It looks like an ordinary webcam shot. But what’s about to happen seems unreal.

The camera, mounted at the corner of Jefferson Street and Third Avenue North in Nashville, reveals the terrifying moments a destructive EF3 tornado plowed through the heart of Music City in the early morning hours of March 3. Coming with barely five minutes’ warning, the deadly funnel claimed five lives and injured more than 200 people along its 60-mile path through Middle Tennessee.

Sparks fly, debris soars by, and water blasts the camera like the inside of a washing machine. The Metropolitan Nashville Police Department posted the video to Twitter on Thursday evening.

Surprisingly, the camera continued recording even after the tornado’s fierce assault, assisted by battery backup. A second-by-second analysis offers insight into the tornado’s furious rampage.

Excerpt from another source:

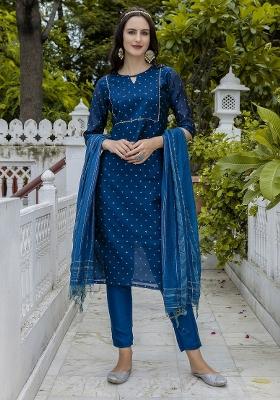 Teal Embroidered Silk Kurta Set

A June 2019 Google street view image shows the security camera that captured the video. (Google)

The scene quickly changes in mere seconds from an unremarkable, tranquil rainy evening to something out of a horror movie. The camera is mounted to a utility pole in front of IMT Germantown, an apartment complex. The Redpepper advertising agency can be seen in the background.

A nearly calm breeze gently sways traffic signals strung overhead as a vehicle drives east down Jefferson Street, seemingly oblivious to the imminent destruction moments away. City lights reflect off the backdrop of damp roadways, the pavement having just been doused by a passing nighttime thundershower. It looks rather quaint, a sleepy evening with rain pattering off the window panes. The time is about 12:40 a.m. The camera is in the “vault” of the rotating supercell storm.


A 3D volume rendering shows Nashville in the “vault” of the supercell thunderstorm shortly before 12:40 a.m. To the left, the “debris ball” associated with the tornado can be seen in purple rapidly approaching. (GR2 Analyst/Matthew Cappucci)

Due to the orientation and motion of the storm, rain from the storm actually hasn’t even fallen yet. The pavement is wet from earlier showers.

Things quickly change. The winds pick up, blowing toward the camera. That’s “inflow” from the southwest screaming north to fuel the intense mesocyclone containing the twister. It’s streaming in from the direction of First Horizon Park.

About 18 to 22 seconds into the video, obvious power flashes are visible to the top right (west), where the approaching tornado is ravaging the electrical grid. Redpepper’s lights go out immediately after the power flash as electricity is apparently severed. The streetlights remain on.


A radar shot seconds before 12:40 a.m. shows the obvious tornado bearing down on the camera location. (GR2 Analyst/Matthew Cappucci)

The camera begins to jostle back and forth about 28 to 30 seconds into the video. At 30 seconds, the outer edge of the tornadic circulation arrives. Then all hell breaks loose.

Winds at first begin southerly, building in force and appearing to switch to westerly by about 45 seconds. The streetlights cease to shine, whether they were cut off from backup generator or flat-out destroyed.

Then, over the next 10 seconds, sparks of some sort fly. It’s unclear what those are. They could be electrical sparks from destroyed wires or traffic lights overhead. But they persist surprisingly long.


The tornado strikes the camera nearly dead on, its core probably passing less than 300 feet to the north between 12:41 and 12:42 a.m. (GR2 Analyst/Matthew Cappucci)

During the June 9, 1953 Worcester, Mass., F5 tornado, residents who sought shelter in their basement reported pebbles and other small debris being slung at the foundation so quickly that sparks resulted from the extreme friction. In Toledo, luminous orbs were observed to have accompanied the base of twin funnels on April 11, 1965.

Whatever the case, the glowing objects act as tracers, revealing winds turning due west and eventually from the northwest. The core of the tornado probably passed just behind the camera. Debris can be seen moving right to left.

At the same time, visibility quickly drops as rain pours down amid strong northerly or northwesterly winds. That’s the rear flank downdraft (RFD). It’s a surge of rain-cooled air and precipitation that crashes down on the backside of rotating thunderstorms. It also helps to tighten the tornadic circulation.

Eventually, the situation calms down. Debris can be seen tossed about. It’s about as close to a direct hit as possible — the video is a surefire reminder why it’s always necessary to seek shelter when a tornado warning is issued.